I don't know why people are complaining they are so expensive. The first plants offered here in the states went for $300. You can buy them for $10 a plant now. Rotala 'Sunset' still sells for $10/stem and that thing grows 100 times faster than a Buce! Go figure.


----------



## gus6464 (Dec 19, 2011)

Hell look at Anubias white. It's been around for a while and people are still selling it for $80+ a pop. All for a plant that's just white.


----------



## wabisabi (Jan 31, 2011)

gus6464 said:


> Hell look at Anubias white. It's been around for a while and people are still selling it for $80+ a pop. All for a plant that's just white.


That's a little different. Most of the bucephalandra being sold at lower prices are wild collected and being imported, so the supply is there. Where as most anubias white is being grown out here in the states and cuttings being sold. This is a slow growing plant so supply is low.


----------



## jczz1232 (May 8, 2008)

Anubias white grows pretty slow even with co2. Maybe a new leaf a week or every 2 week for me tho...


----------



## samee (Oct 14, 2011)

Its the same thing with crypts, the rare crypts go for hundreds of $.

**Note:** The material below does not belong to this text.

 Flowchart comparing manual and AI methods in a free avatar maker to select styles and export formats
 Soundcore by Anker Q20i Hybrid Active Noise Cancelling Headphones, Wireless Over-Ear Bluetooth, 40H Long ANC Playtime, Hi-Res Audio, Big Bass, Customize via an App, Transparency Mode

I just dont like how there are only a few species but hundreds of made up names. But could someone clear this out. So there are only a few species, doesnt this mean there are only a few different looking buce? Ive seen people sell buce with different names but they look the same. But then Ive seen a site with someone who has a ton of buce and they all look different. Perhaps my definition of species is not right.


----------



## plantbrain (Dec 15, 2003)

tanan said:


> The new paper by Peter Boyce described some 27 new species.
> The thing about them being crazy expensive is that they are slow to grow. I've seen white anubias being sold for 3 times the price of a common bucephalandra. You will know what the craze is about when you have seen the submersed plants. They are simply breath taking. They have crazy color which changes as you change/play with lights and they have this tiny white dots on them that make them look like stunning.


+1

He said there's likely close to 50 species, whether or not that many are in the hobby is another matter.


To the other post and OP:
As someone who cares less about price and $$$, I focus on growth and they are hugely variable as they grow from side shoots, or in low vs say high light.

This leads sellers to cook up hogwash names. 
The leaves and coloration of the leaves are very pretty, deep darker purples and reds and blacks. 

Anubias are among the most popular of aquatic plants in the hobby. 
Any comparison would be a good thing.


----------



## MsNemoShrimp (Apr 25, 2011)

Oh wow. Didn't know they can grow on top of the water surface like that. That's something I could definitely do. Do you need to mist it often or spray it or it'll remain "moist" like that? 



plantbrain said:


>


----------



## r45t4m4n (Feb 12, 2014)

In nature they spend most of the time our of water. Only time they are underwater would be during seasonal flooding. They would need to be misted regularly to grow emersed like that.


----------



## Monster Fish (Mar 15, 2011)

I've been growing a single buce now for a few months and I can see why they're so popular. They're extremely hardy and can produce a wide range of colors as the leaf ages. Think of them as a cross between a crypt and an anubias.


----------



## jeffkrol (Jun 5, 2013)

Good reference:
http://www.aquaticplantcentral.com/...rsed-culture/87637-bucephalandra-all-one.html


----------



## talontsiawd (Oct 19, 2008)

jeffkrol said:


> Good reference:
> http://www.aquaticplantcentral.com/...rsed-culture/87637-bucephalandra-all-one.html


That actually makes me feel a bit different about them, just the photos really describe what people say. I wouldn't buy them until they are affordable as someone else mentioned, the names are strange and it seems hard to verify what you are getting. It also seems like it would be pretty easy to get ripped off.


----------



## r45t4m4n (Feb 12, 2014)

man, I need this one for my collection!


----------



## HybridHerp (May 24, 2012)

r45t4m4n said:


> man, I need this one for my collection!



What IS that? I want it lol


----------



## Kehy (Feb 5, 2012)

*takes a picture of one more plant I'll never have


----------



## r45t4m4n (Feb 12, 2014)

HybridHerp said:


> What IS that? I want it lol


Bucephalandra "High Society" Snow Marble. Anyone in Thailand?


----------



## MsNemoShrimp (Apr 25, 2011)

I like THESE! But looks like you need pretty intense lighting for it to show like these?


----------